At a special meeting of Foreign and Defence Ministers in Brussels on 12th December 1979:

2.
Ministers recalled the May 1978 Summit where governments expressed the political resolve to meet the challenges to their security posed by the continuing momentum of the Warsaw Pact military build-up.

3.
The Warsaw Pact has over the years developed a large and growing capability in nuclear systems that directly threaten Western Europe and have a strategic significance for the Alliance in Europe. This situation has been especially aggravated over the last few years by Soviet decisions to implement programmes modernizing and expanding their long-range nuclear capability substantially. In particular, they have deployed the SS-20 missile, which offers significant improvements over previous systems in providing greater accuracy, more mobility, and greater range, as well as having multiple warheads, and the Backfire bomber, which has a much better performance than other Soviet aircraft deployed hitherto in a theatre role. During this period, while the Soviet Union has been reinforcing its superiority in Long Range Theatre Nuclear Forces (LRTNF) both quantitatively and qualitatively, Western LRTNF capabilities have remained static. Indeed these forces are increasing in age and vulnerability and do not include land-based, long-range theatre nuclear missile systems.

4.
At the same time, the Soviets have also undertaken a modernization and expansion of their shorter-range TNF and greatly improved the overall quality of their conventional forces.
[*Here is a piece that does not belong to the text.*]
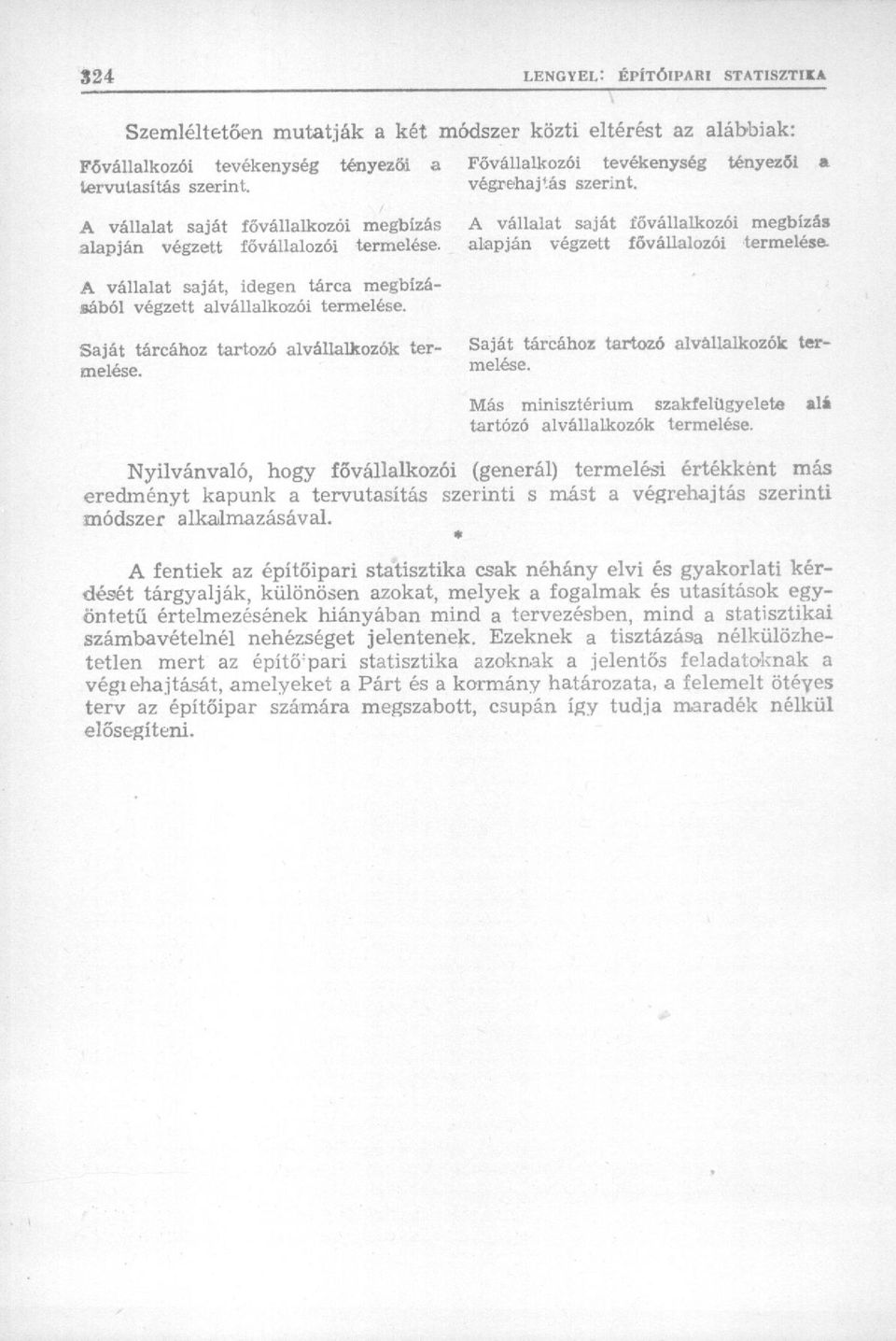 A vállalat saját fővállalkozói megbízás alapján végzett fővállalozói termelése- A vállalat saját, idegen tárca megbízásából végzett alvállalkozói termelése.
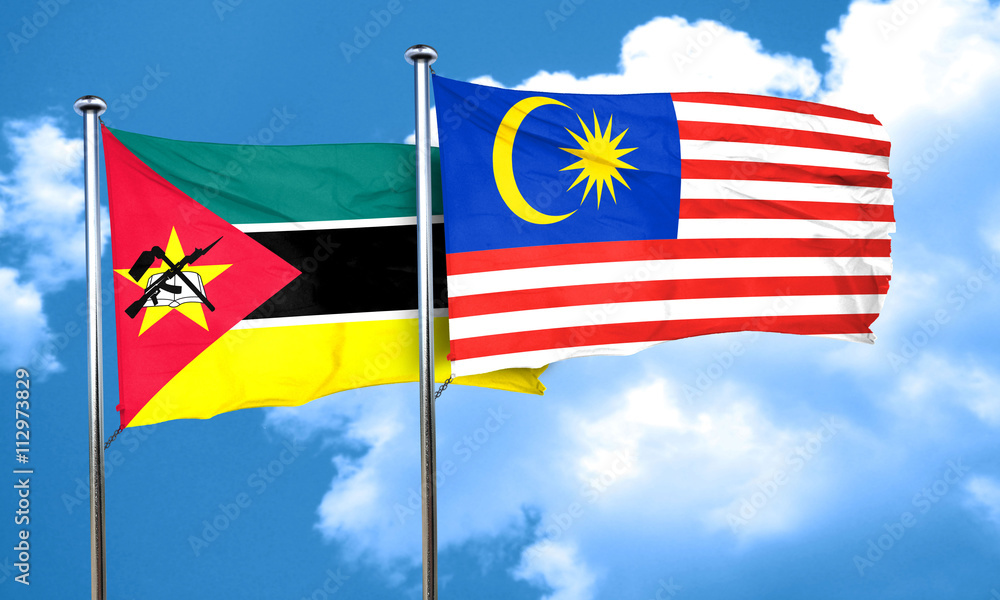 Mozambique flag with Malaysia flag, 3D rendering Mozambique flag with Malaysia flag, 3D rendering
These developments took place against the background of increasing Soviet inter-continental capabilities and achievement of parity in inter-continental capability with the United States.

5.
These trends have prompted serious concern within the Alliance, because, if they were to continue, Soviet superiority in theatre nuclear systems could undermine the stability achieved in inter-continental systems and cast doubt on the credibility of the Alliance’s deterrent strategy by highlighting the gap in the spectrum of NATO’s available nuclear response to aggression.